Blake Templeton, general director of the group, said he was pleased the group will be able to keep operating, and that it has no plans to change its constitution.
“As long as Psalm 100’s constitution is based on the Bible we’ll continue to make decisions based on what the Bible says,” Templeton said.
In a statement released by the Lesbian, Gay, Bisexual, Transgender and Queer Center on Thursday, the center’s director Terri Phoenix said groups’ constitutions should be more explicit.
“While the policy as written may have compelled the finding that no discrimination occurred, nowhere in the constitution of Psalm 100 did the organization make explicit their requirement that members believe that homosexuality is incompatible with Christianity,” Phoenix said.
Templeton said in August that the group voted to remove Thomason because his views on homosexuality violated the group’s constitution.
Phoenix said the current policy is too vague and puts students in difficult positions with campus groups.
“It is unreasonable to ask someone to make a choice between different parts of who they are,” Phoenix said. “I think that’s a very challenging choice to put people in, and I think it’s unfair that that’s the position that Psalm 100 in this case put Will into.
“When you ask someone to deny part of who they are or to have self-loathing for who they are, is that really in the spirit of our non-discrimination policy?”
Crisp acknowledged that there will be people who both strongly agree and disagree with the University’s decision.
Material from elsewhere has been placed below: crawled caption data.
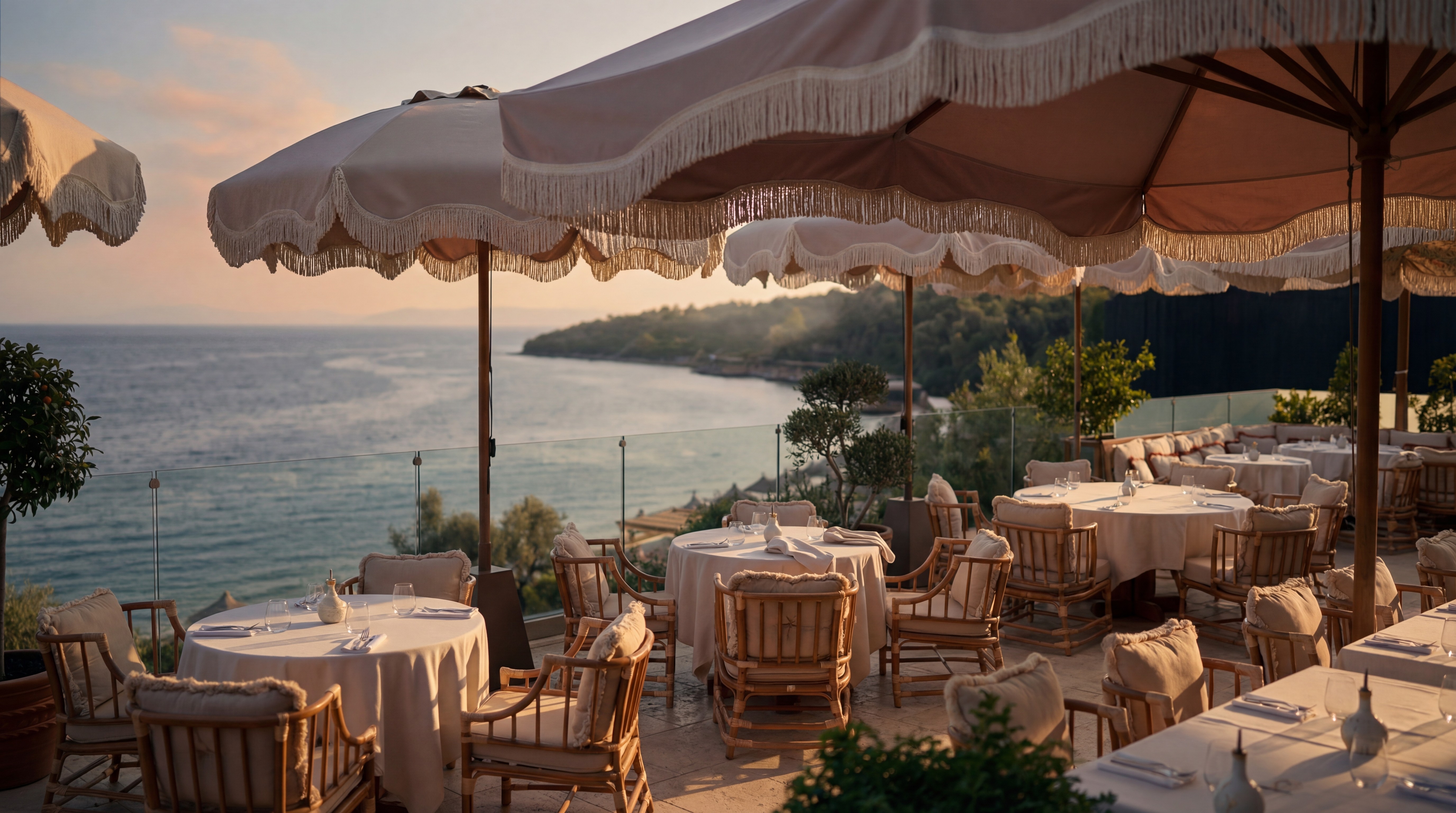 Gigi Rigolatto Mandarin Oriental Bodrum restaurant terrace overlooking the Aegean Sea at sunset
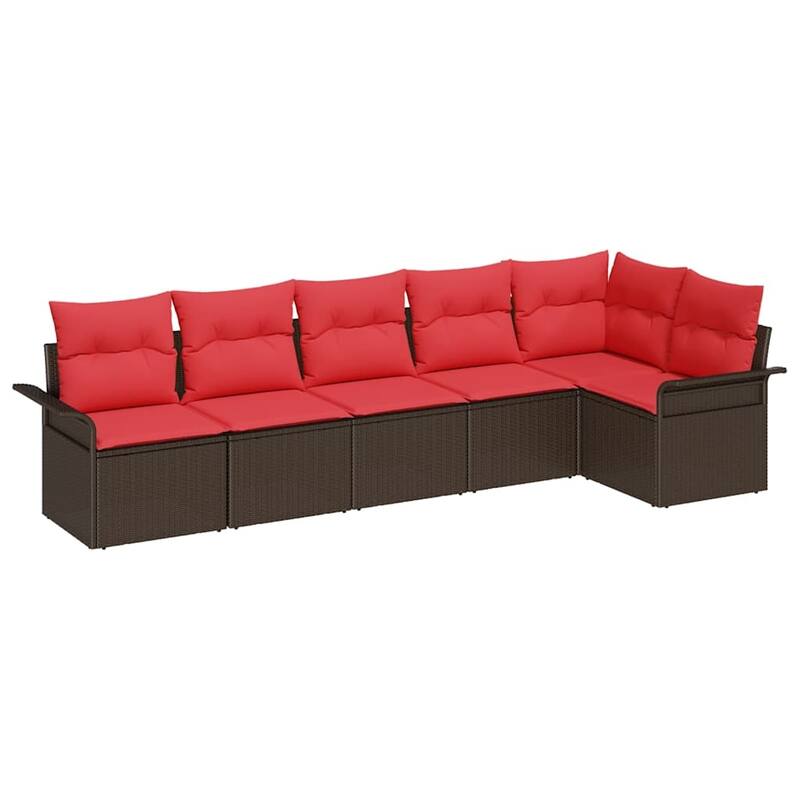 vidaXL 6/7 Garden Sofa Set with Cushions Black/Brown/Grey Poly Rattan - 117.1 x 52.2 x 27.2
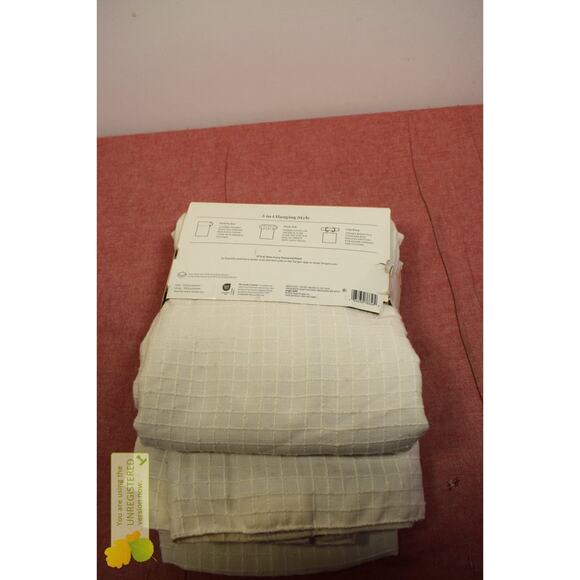 Threshold 50x63" Blackout Textured Plaid Rod Pocket Curtain Panel Ivory* - Picture 5 of 6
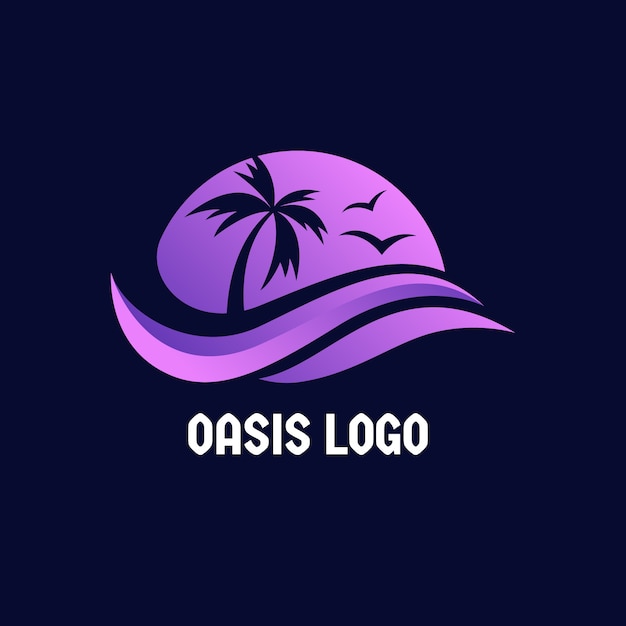 Vetor grátis modelo de logotipo de oásis gradiente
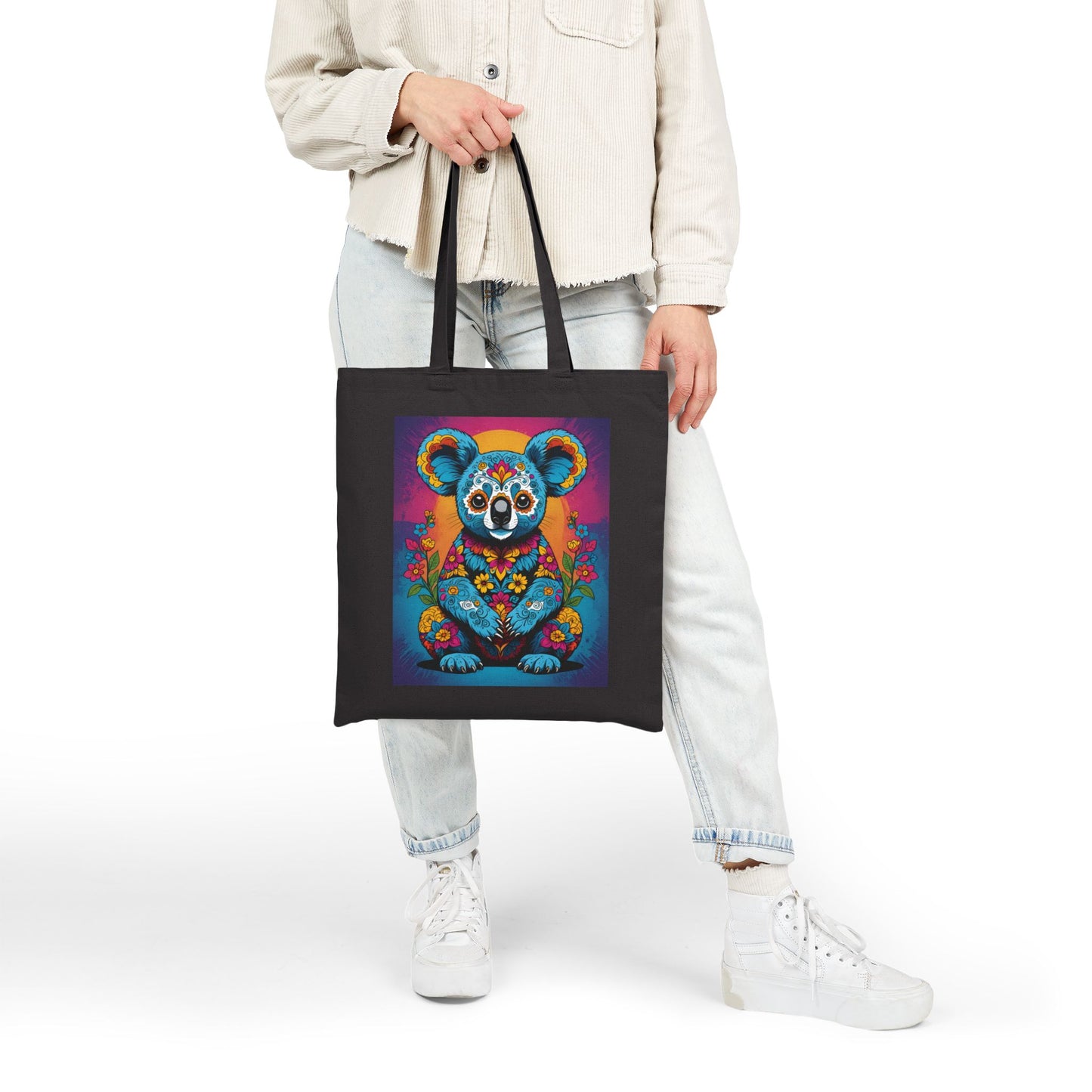 Psychedelic Koala Tote Bag With Colorful Trippy Art Design Bold Animal Print Carryall Bag Unique Gift For Nature Lovers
“Either way it goes, it is the result that is compelled by the policy,” he said.
Crisp said UNC’s non-discrimination policy was crafted several years ago after a similar incident with Christian fraternity Alpha Iota Omega in 2004.
“It was written to be what the North Carolina court felt was compliant to the law of the land,” he said.
“The policy we have is certainly not the only kind of policy that a university could have,” Crisp added.